Das Schweigen der Beklagten ist nicht als Annahme des Angebotes gemäß Schreiben vom 28.01.2004 anzusehen (siehe hierzu Versicherungsvertragsgesetz , Prölss-Martin, 27. Aufl., § 3 RdNr. 27). Dem Schweigen der Beklagten kommt mangels Zahlung der Versicherungsprämie kein Erklärungsgehalt zu.

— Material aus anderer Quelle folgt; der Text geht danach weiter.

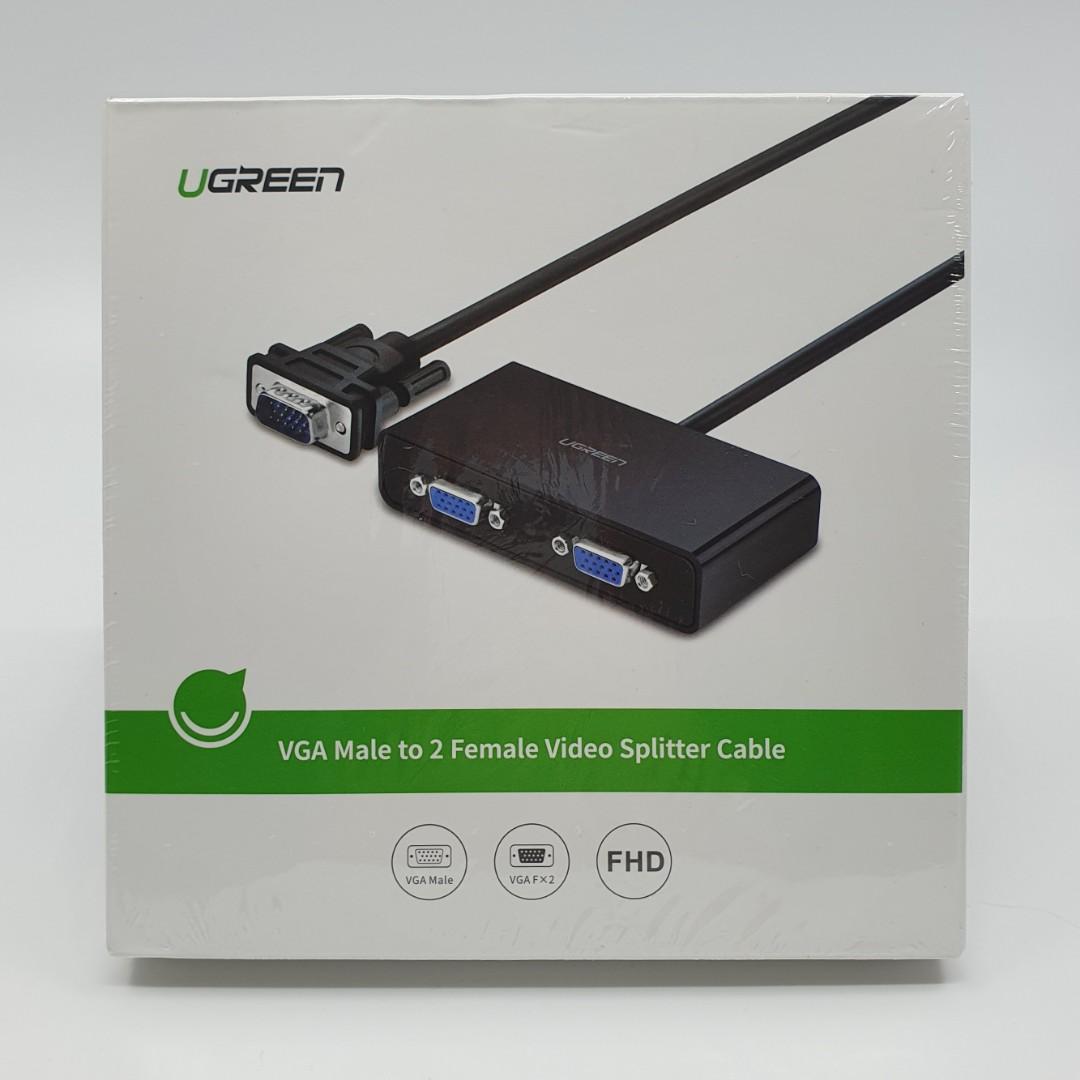 Pc Display VGA 1 male to dual 2 female monitor splitter cable video 15 pin KY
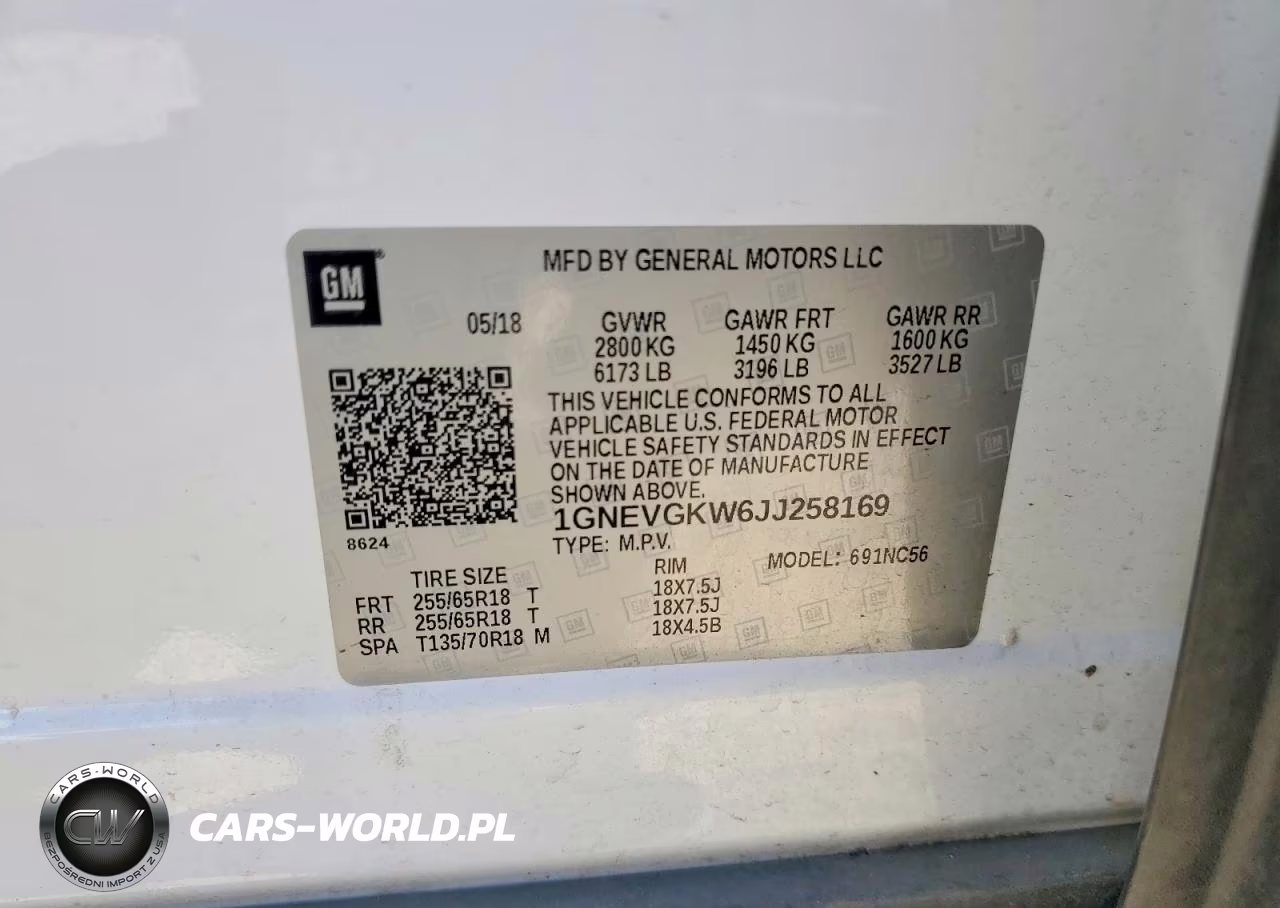 2018 Chevrolet Traverse Lt VIN:1GNEVGKW6JJ258169 - 13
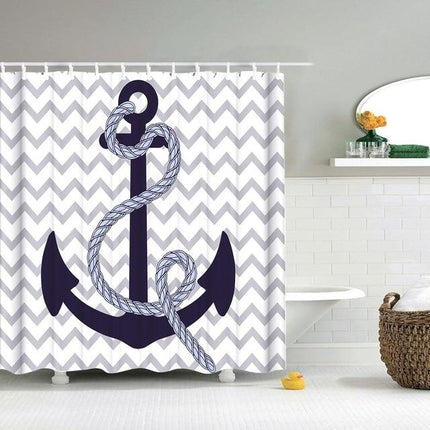 Douchegordijn met anker en zigzag patroon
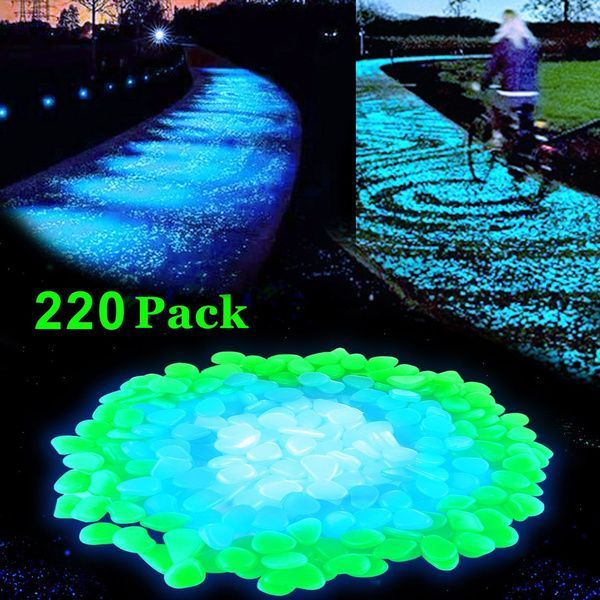 220 Pcs Glow In The Dark Garden Pebbles Glow Stones Rocks For Walkways ... intended for Pure Garden Garden Stones, 200 Count Glowing Pebbles, Green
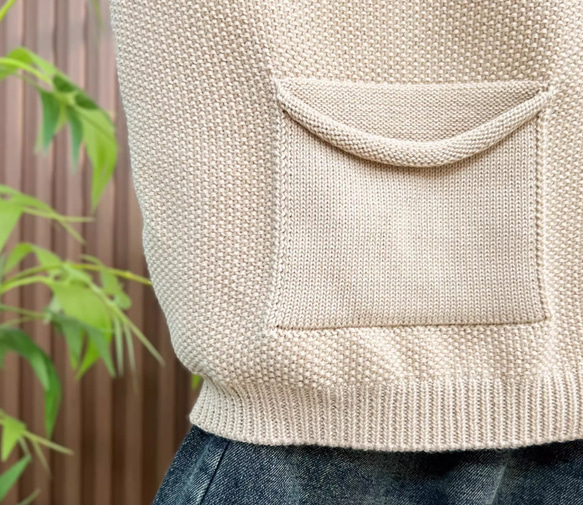 綿100% ビッグサイズ レディース ジップアップニットベスト ノースリーブ 秋春 ニットベスト 9枚目の画像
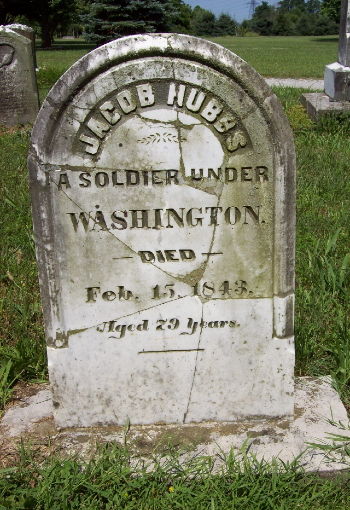Jacob Hubbs' tombstone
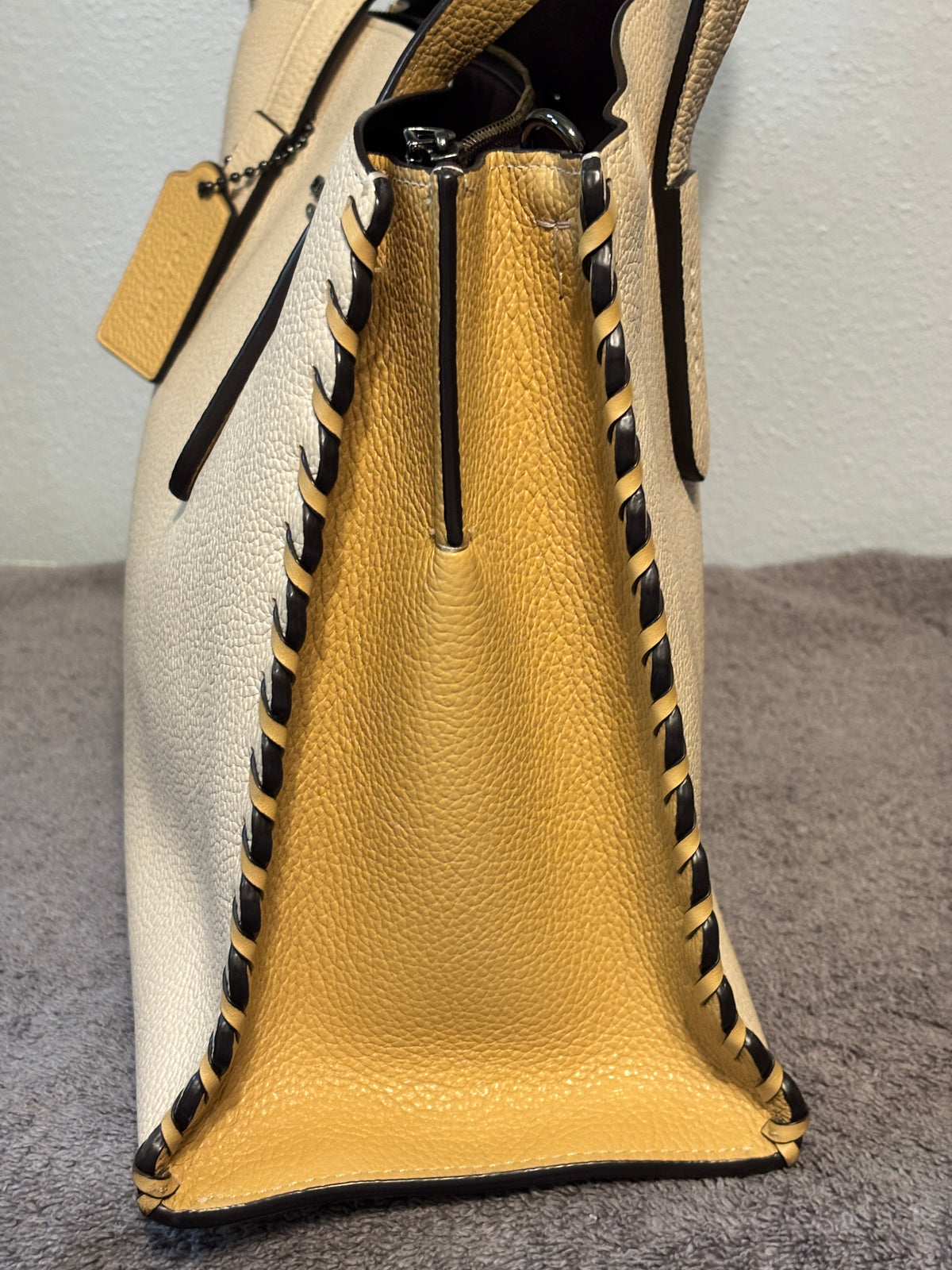 Coach Charlie Carryall Whipstitch Colorblock Almond Cream 69609 Crossbody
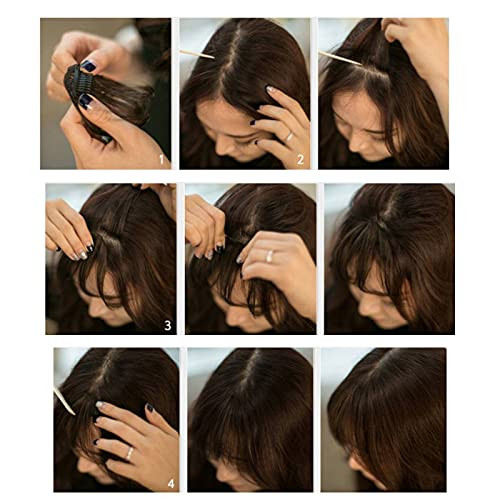 Bangs Halloween Hair Clip in Bangs 100? human hair Curved Wispy Bangs with Temples Hairpieces for Women Clip on Air Bangs Hair Extension for Daily We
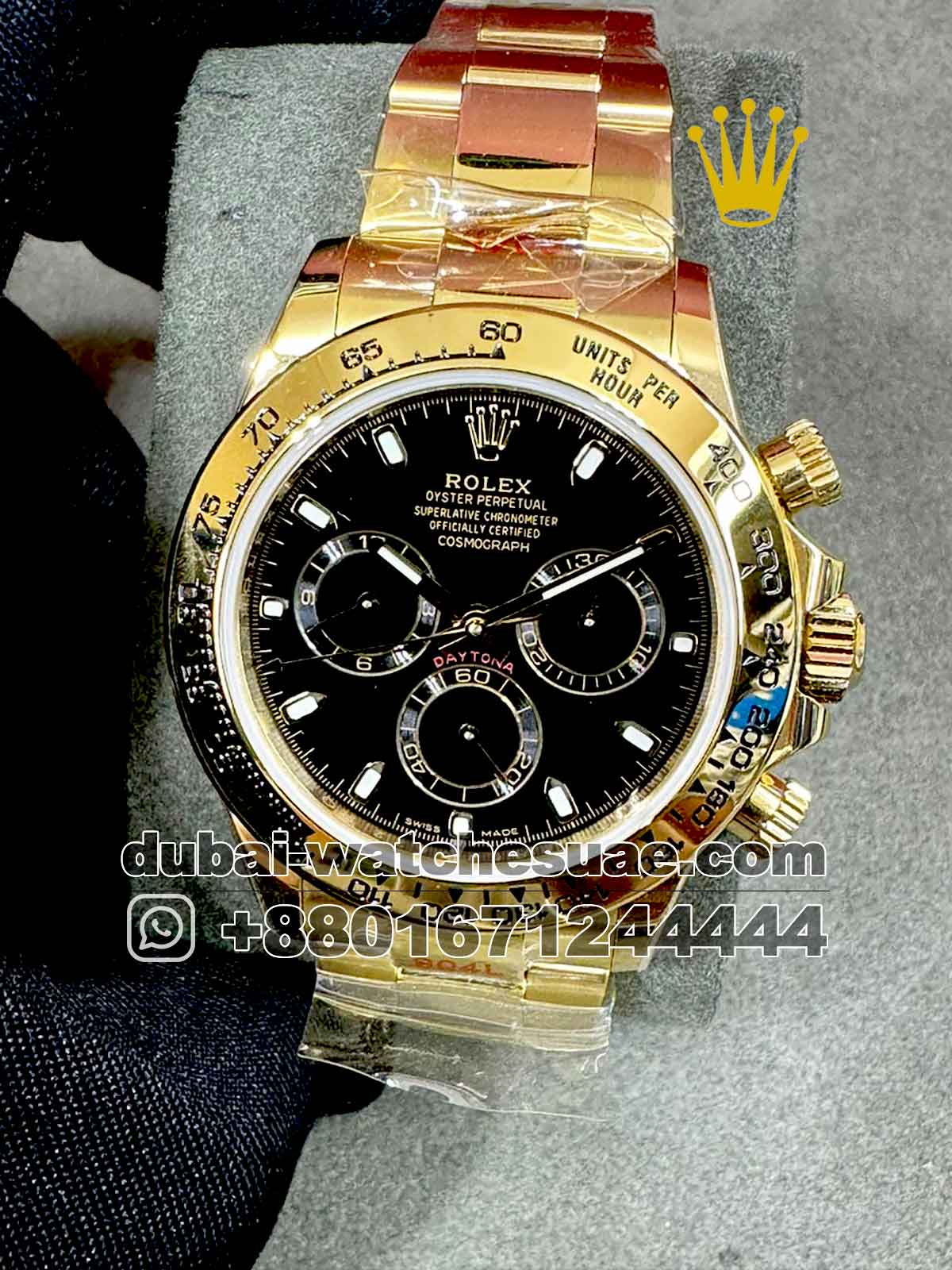Copy Rolex Cosmograph Daytona 40 mm Gold Black Dial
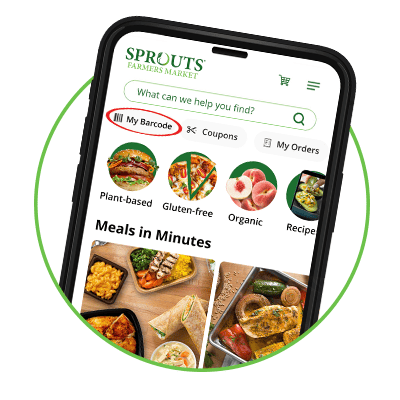 Cell phone with sprouts app open on screen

Ein Versicherungsvertrag gilt auch nicht gemäß § 5 a Abs. 1 S. 1 VVG als geschlossen. § 5 a Abs. 1 S. 1 VVG gilt nicht bei einer verspäteten Annahme durch den Versicherer, die als neues Angebot zu sehen ist (Versicherungsvertragsgesetz, Prölss-Martin, 27 Aufl., § 5a RdNr. 22). So setzt § 5 a VVG einen Vertragsabschluss nach den allgemeinen Regeln voraus und bestimmt lediglich den Inhalt der vertraglichen Verpflichtungen bei Unterlassen des Widerspruchs.

Die Kostenentscheidung beruht auf § 91 Abs. 1 ZPO.

Die Entscheidung über die vorläufige Vollstreckbarkeit beruht auf §§ 708 Nr. 11, 711 ZPO.